Walka o strefy wpływów

Proces, który toczył się przed Sądem Okręgowym we Wrocławiu, dotyczył tzw. wojny gangów. Miała ona miejsce w sierpniu 2012 roku we Wrocławiu. Związana była z podjęciem przez zorganizowaną grupę przestępczą kierowaną przez Adriana S. oraz Rafała W. działań zmierzających do poszerzenia tzw. przestępczej strefy wpływów. Postępowanie obejmowało m.in. bulwersujące opinię publiczną zdarzenia związane ze strzelaniną przy ulicy Świeradowskiej we Wrocławiu oraz związane z bójką przy użyciu maczet i noży przy ulicy Drukarskiej we Wrocławiu. Podczas tych zdarzeń w „biały dzień” na ulicach Wrocławia sprawcy postanowili przy użyciu broni palnej, noży i maczet wyrównać swoje przestępcze porachunki, nie bacząc na innych ludzi, czy obowiązujące prawo.

Wyrok sądu

W wyroku z 21 grudnia 2016 roku Sąd Okręgowy we Wrocławiu zgodził się z argumentacją przedstawioną w akcie oskarżenia oraz w mowie końcowej prokuratora i uznał winę i sprawstwo wszystkich oskarżonych.

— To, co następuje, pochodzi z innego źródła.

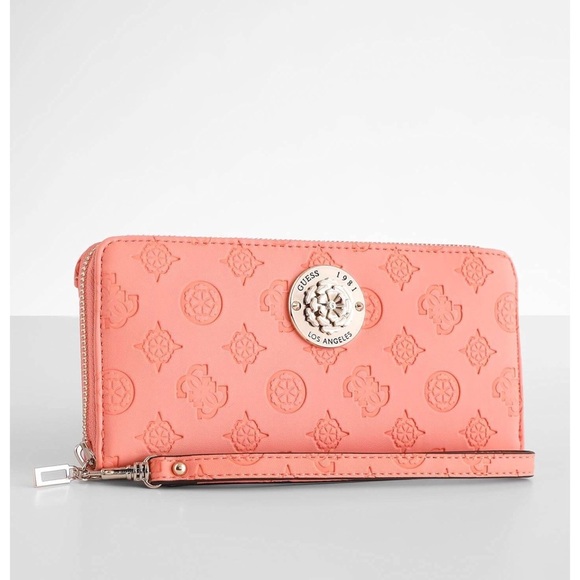 New GUESS Dayane Wristlet Wallet - Picture 1 of 7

Dwunastu spośród oskarżonych sąd wymierzył bezwzględne kary pozbawienia wolności – od 2 do 6 lat. Karę 6 lat pozbawienia wolności sąd wymierzył oskarżonemu Piotrowi S., karę 4 lat pozbawienia wolności sąd wymierzył Adrianowi S., a karę 3 lat i 6 miesięcy pozbawienia wolności – Edwardowi L.

W stosunku do 10 oskarżonych Sąd Okręgowy we Wrocławiu zawiesił wykonanie orzeczonych kar pozbawienia wolności.

Sąd wymierzył ponadto oskarżonym wysokie nawiązki.

Wielu oskarżonych

W sprawie tej prokurator Dolnośląskiego Wydziału Zamiejscowego Departamentu do Spraw Przestępczości Zorganizowanej i Korupcji Prokuratury Krajowej we Wrocławiu skierował jeszcze dwa akty oskarżenia. Dotyczą one kolejnych 9 uczestników przestępczych zdarzeń.

Wobec 8 osób przed Sądem Okręgowym we Wrocławiu wcześniej zapadły wyroki skazujące.

Ostatni z 31. oskarżonych w tej sprawie ukrywał się. Został zatrzymany na terenie Holandii i wydany do Polski na podstawie europejskiego nakazu aresztowania. Postępowanie przeciwko temu podejrzanemu nadal toczy się przed Sądem.